SemVer is a Lie (or: Everything is your API)

Semantic Versioning (SemVer) is great in practice. Increment the patch number for bug fixes, the minor number for backwards-compatible new features, and the major version for breaking changes. Any internal changes not visible to the users can be changed whenever, as long as the API stays the same. Sounds great in practice. And works well enough in the real world. Most of the time. There's just a few caveats to be aware of when actually applying it.

Users Don't Give a Shit About Anything Except Whether it Just Works

I know, should be pretty obvious right? If people are using my library (for example), and it breaks, it doesn't matter if I fixed an old bug, introduced a new bug, changed something that's not part of the API, or made a breaking change. I still broke things for my users. Let me repeat that. It doesn't matter what change I made if it breaks things for my users. Once your library is big enough, every observable behaviour is going to be relied on by someone, and changing any observable behaviour will break someone's code.

As an example, consider this "bug" report from 2008, about the V8 changing their JavaScript implementation to no longer keep track of the insertion order of keys in Objects. Nowhere in the ECMAScript standard did it say that Objects should keep track of insertion order. In fact, it specifically mentioned that Objects do not. The change the V8 team should have been totally fine. They didn't change any behaviour that was part of the ECMAScript standard. Objects keeping track of insertion order was an implementation detail.

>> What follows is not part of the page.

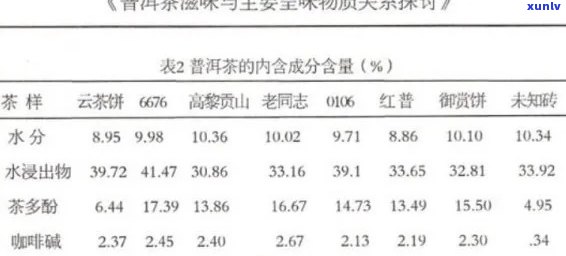 熟普洱茶中是否含有草酸？探讨草酸在普洱茶中的含量及其对健的潜在影响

And yet, as the bug report above shows, people did rely on it. They relied on it to the point that V8 changed things back, and this behaviour ended up being added to the ECMAScript standard. Because while it wasn't technically part of the API, people could rely on it, so they inevitably did.

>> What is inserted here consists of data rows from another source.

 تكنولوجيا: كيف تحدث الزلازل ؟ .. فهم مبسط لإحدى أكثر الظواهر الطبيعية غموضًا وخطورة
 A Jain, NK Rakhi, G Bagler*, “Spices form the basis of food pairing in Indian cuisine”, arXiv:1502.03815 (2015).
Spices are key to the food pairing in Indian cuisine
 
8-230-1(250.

As another example, I did a co-op at a game's company once. My team worked on a library for network code (among other things). It was half a million LOC, written over 15 years, and with random contributions from random game devs.

In short, it was full to the brim with tech debt. In particular, we weren't consistent in our use of host- and network-order throughout our code. This wasn't part of the API, just implementation details. Users of our library shouldn't have even known about this, let alone relied on it.

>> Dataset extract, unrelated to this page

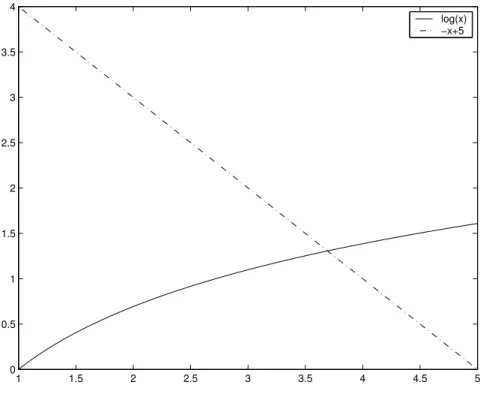 Figura 2.1: grafico dell’esercizio 1a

So we decided to clean up this piece of tech debt. We made everything use host-order, and it was beautiful. Our tech debt was fixed, all without affecting our users.

This lasts for about a day, until everything came crashing down. Turns out some users had hard-coded values in certain places in ways they shouldn't have, and us changing the order had completely broken all of their code. Doesn't matter that they were completely misusing our API, and shouldn't have even hardcoded those kinds of values in the first place.

We promptly rolled things back.

Conclusion

Is V8 wrong for changing implementation details of Objects in a way that's totally acceptable according to the ECMAScript Standard? Are people wrong for relying on this behaviour even though they were repeatedly warned not to?

Were we wrong to try to clean up tech debt? Were our users wrong to hardcode values like they did?

In the end, it doesn't even matter. What matters is that the changes broke a lot of people's code. It's pointless to argue who is "right" or "wrong" here.

As a library author, it's your responsibility to avoid breaking people's code with your updates. If people are relying on something, even if it's not technically part of your API, people will be upset over you changing it. Be careful when writing your library, and when making changes to it.

Just because it's not part of your API doesn't mean people won't treat it like it is.